▸ Assigned task
Retype word for word the stretch of entries below from the line that has "Aerial drone shot" through the line that has "a blurry photo", and omit the pictures.

Image-text web data:
◆ ◆ ◆ ◆ ◆
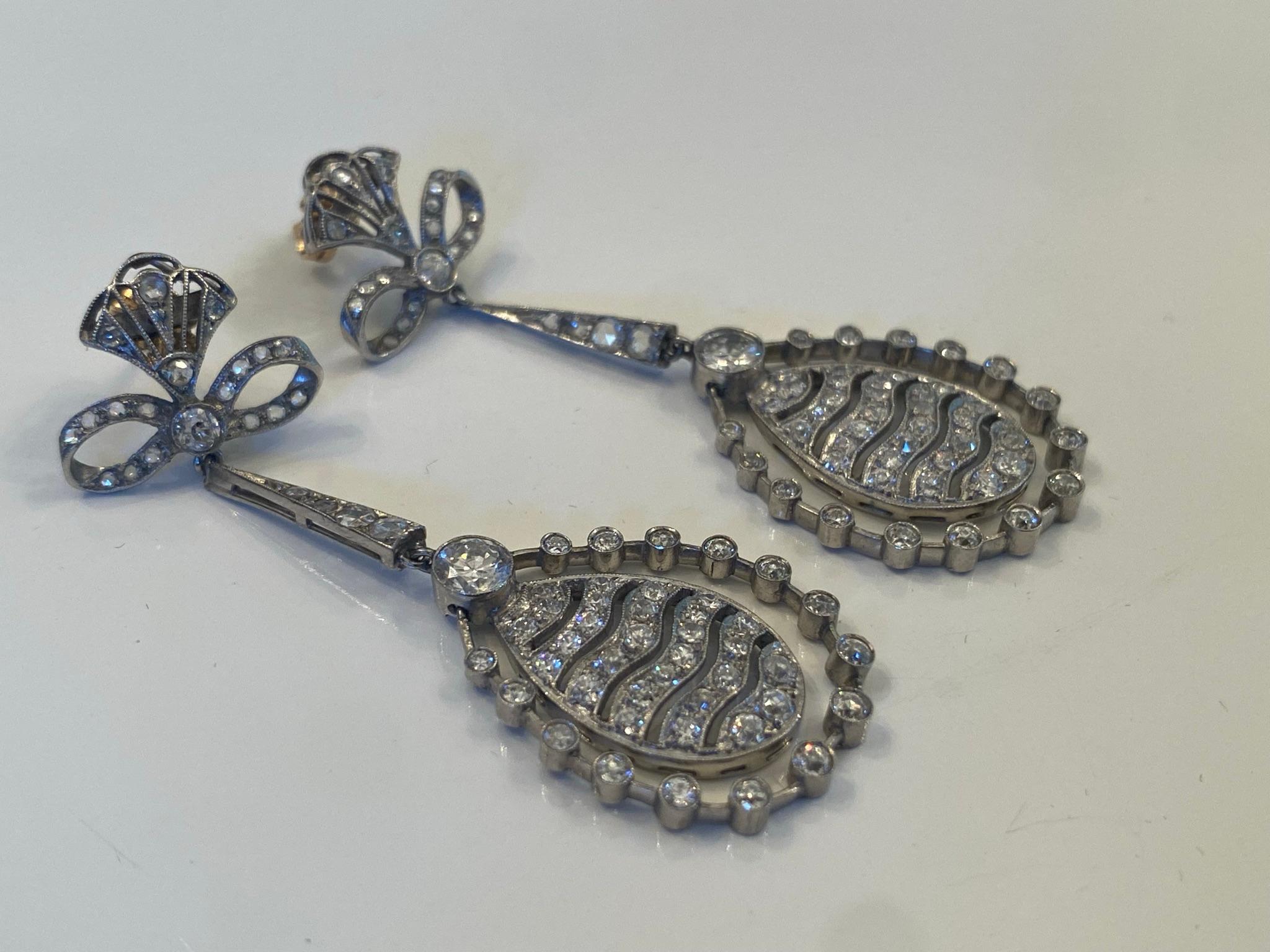 Crafted in the 1920s from platinum, these stunning Art Deco chandelier earrings feature approximately 2.75 carats of Old European cut and rose cut diamonds arrayed over a dangling and fanciful design of bows and ovals and halos. The earrings measure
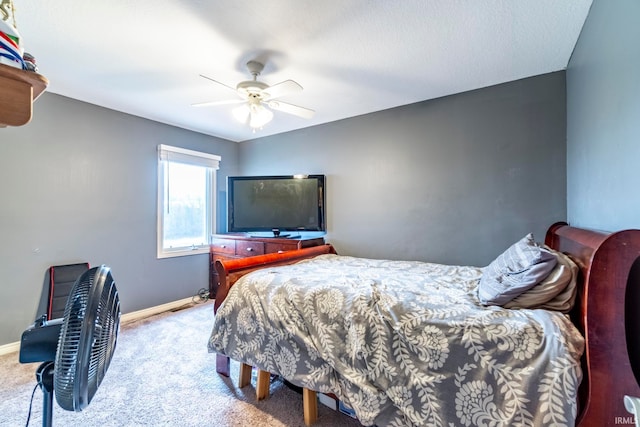 bedroom with a textured ceiling, carpet floors, and ceiling fan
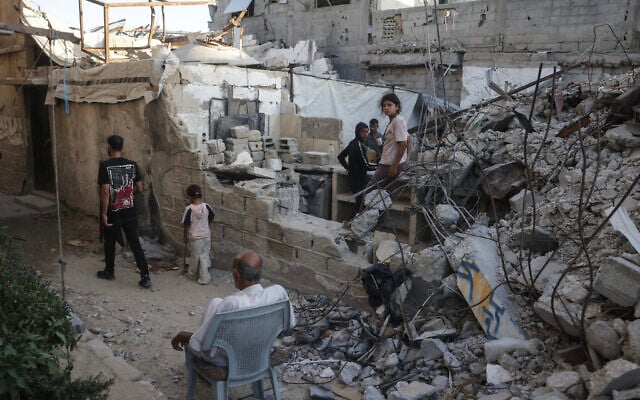 Displaced Palestinians gather amid the rubble of a heavily damaged building being used as a shelter in Khan Younis in the southern Gaza Strip on September 19, 2026. (Bashar Taleb/AFP)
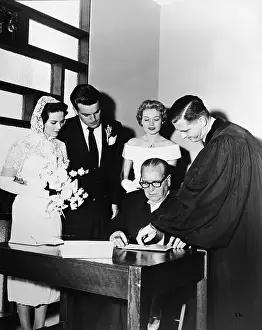 Prints of American actors Natalie Wood (1938 - 1981) and Robert Wagner watch a priest show an unidentified man where to sign a book on their wedding day, Scottsdale, Arizona, December 28, 1957 Grace, Glamour & Timeless Elegance: Robert Wagner & Natalie Wood Wedding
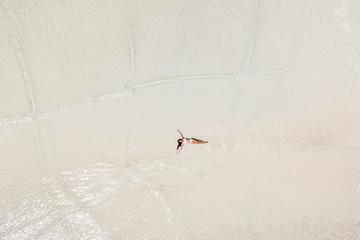 Aerial drone shot of woman lying in water on white sand beach and enjoying vacations. Tropical travel concept.
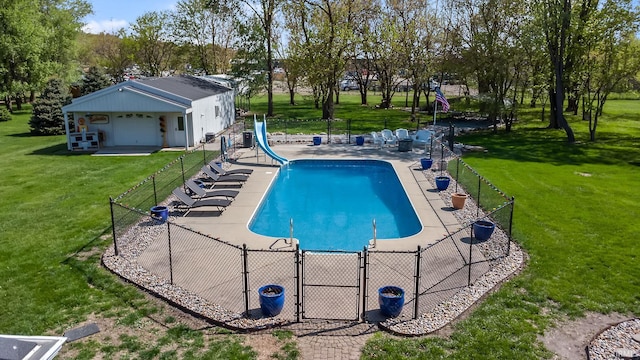 view of pool with a water slide, a gate, a patio area, and view of wooded area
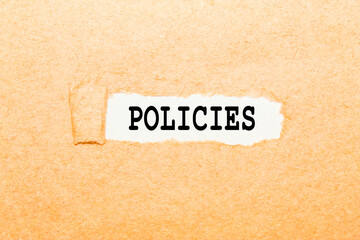 a word POLICIES on a torn piece of paper, a business concept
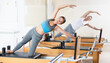 © JackF - Female athletic woman doing stretching on pilates machine in pilates studio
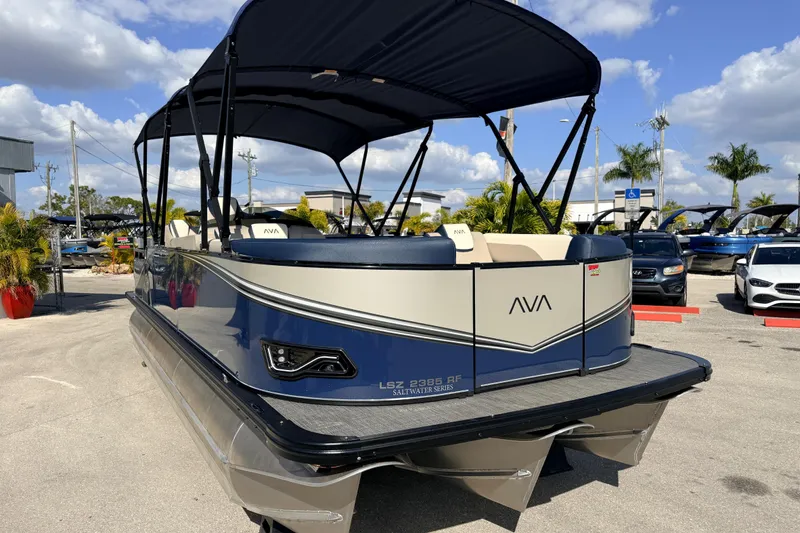 Slide: The Image of 2026 Avalon LSZ Rear Fish 24' pontoon boat with canopy, parked outdoors under blue sky. - 4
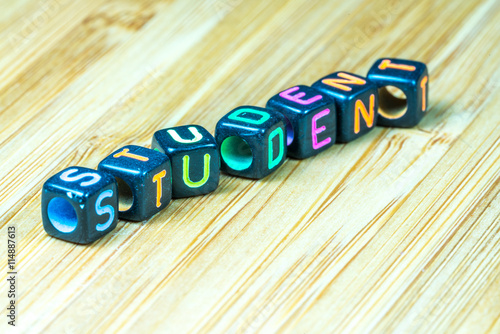 Colorful letter cube with bamboo texture surface. Educational co photo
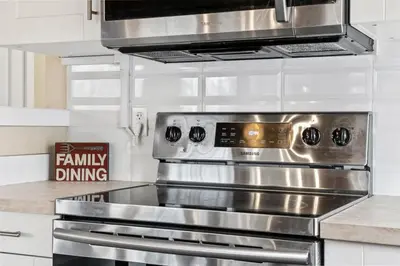 a stainless steel oven in a kitchen with white cabinets at Lake Vibes 3 BD 1 BA Cottage steps from the Lake in Lacombe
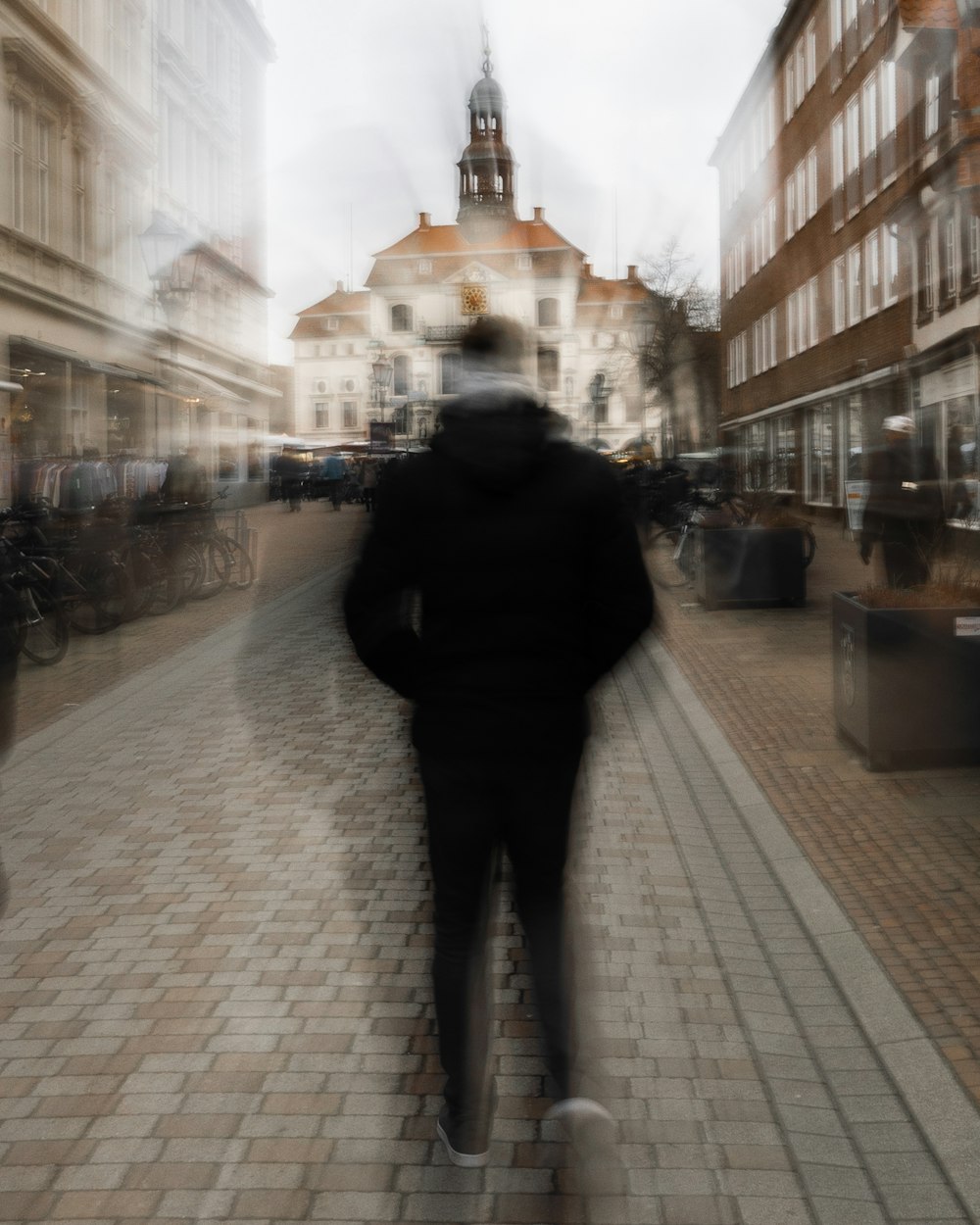 a blurry photo of a person walking down a street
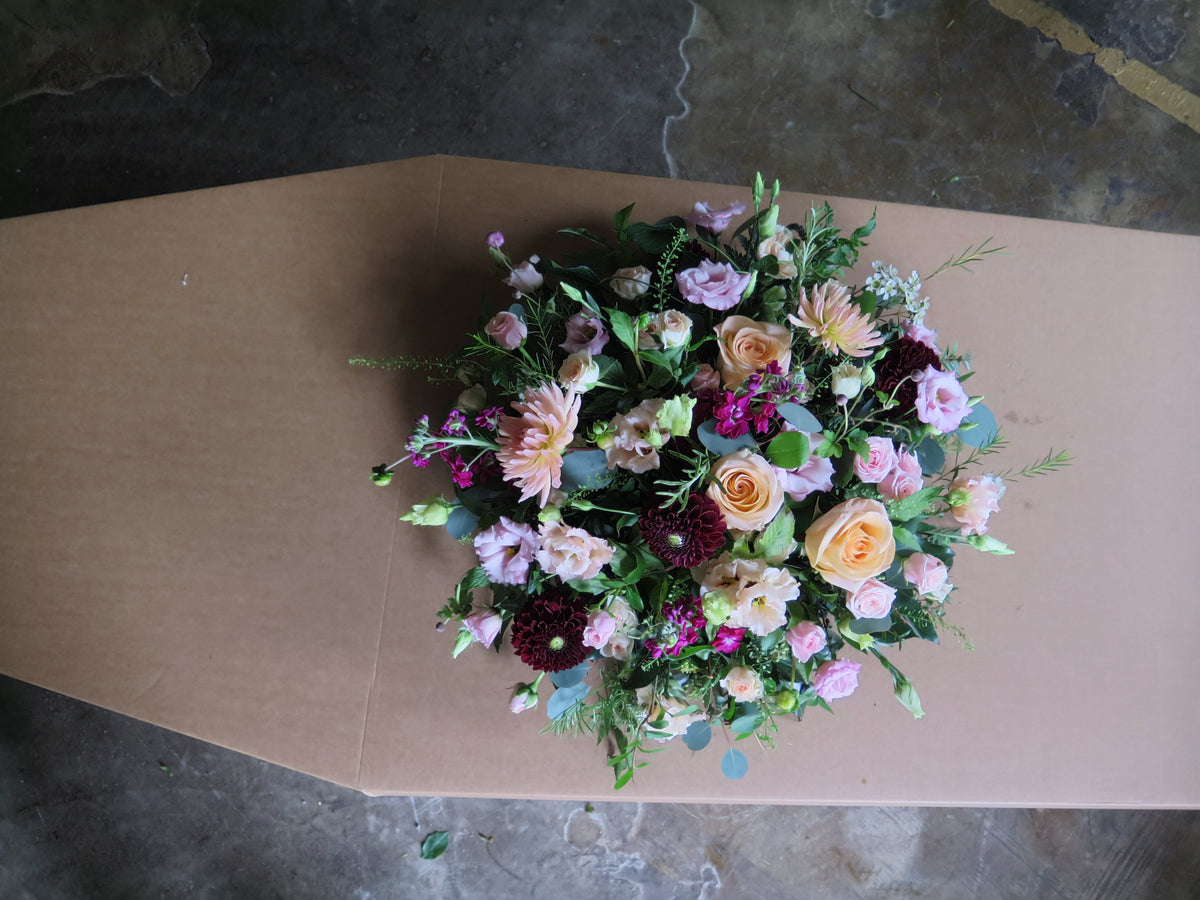 The 'From the Heart' Posy Design by Wild About Flowers is a sophisticated funeral piece showcasing a large, colorful floral arrangement atop a coffin. This elegant design features seasonal roses, dahlias, and fresh-cut foliage beautifully presented against a concrete floor backdrop.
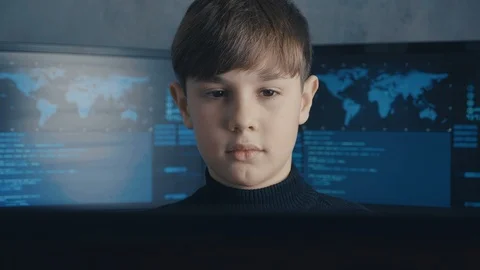 Cute child prodigy developing app. Cute kid young programmer working on computer Stock Footage 102070800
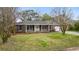 Traditional brick home with a well-maintained lawn, shuttered windows, and a welcoming front entrance at 4343 Helene Dr, North Charleston, SC 29418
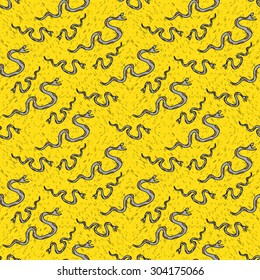 Snake on a yellow background seamless pattern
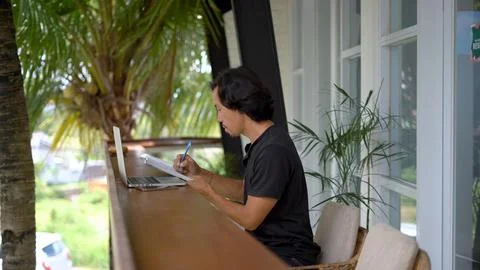 Asian man write notebook outside cafe. Freelancer person online internet work. Foto stock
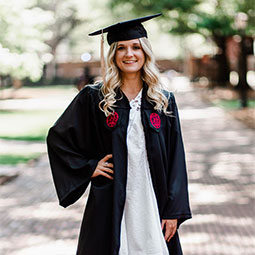 Emily Ruble Emily Ruble poses in her cap and gown on UofSC's Historic Horseshoe.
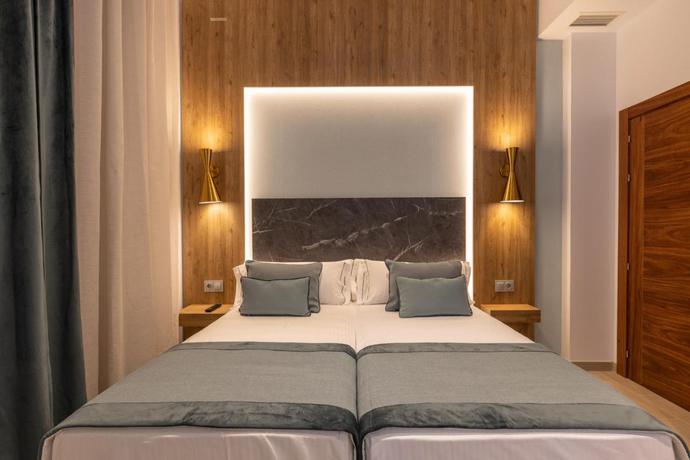 Imagen de la habitación del Apartamentos Bibo Suites San Agustin. Foto 7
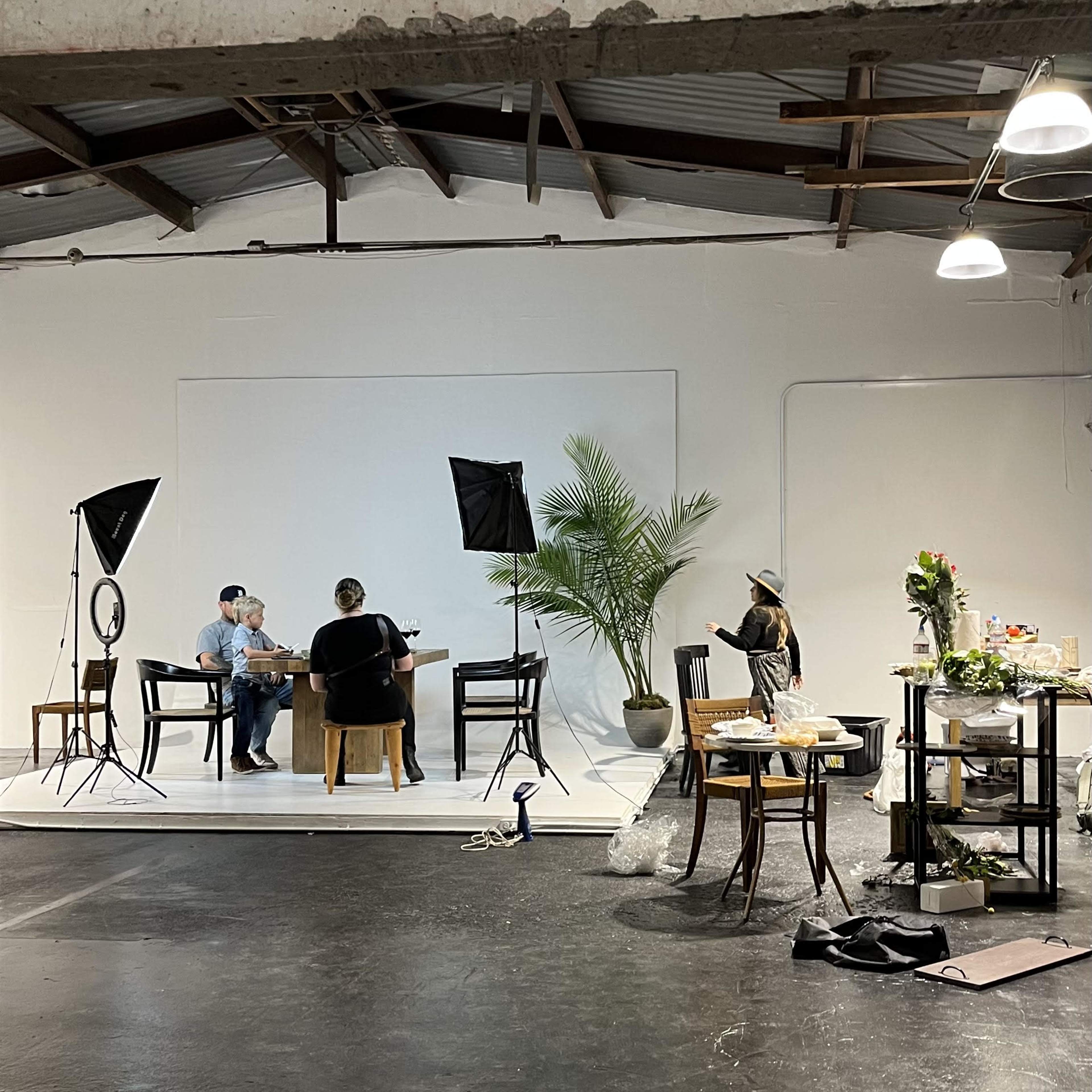 A studio setup features two people seated at a table in front of a plain backdrop, with camera equipment and props arranged around them.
◆ ◆ ◆ ◆ ◆
▸ Your solution
 Aerial drone shot of woman lying in water on white sand beach and enjoying vacations. Tropical travel concept.
 view of pool with a water slide, a gate, a patio area, and view of wooded area
 a word POLICIES on a torn piece of paper, a business concept
 © JackF - Female athletic woman doing stretching on pilates machine in pilates studio
 Slide: The Image of 2026 Avalon LSZ Rear Fish 24' pontoon boat with canopy, parked outdoors under blue sky. - 4
 Colorful letter cube with bamboo texture surface. Educational co photo
 a stainless steel oven in a kitchen with white cabinets at Lake Vibes 3 BD 1 BA Cottage steps from the Lake in Lacombe
 a blurry photo of a person walking down a street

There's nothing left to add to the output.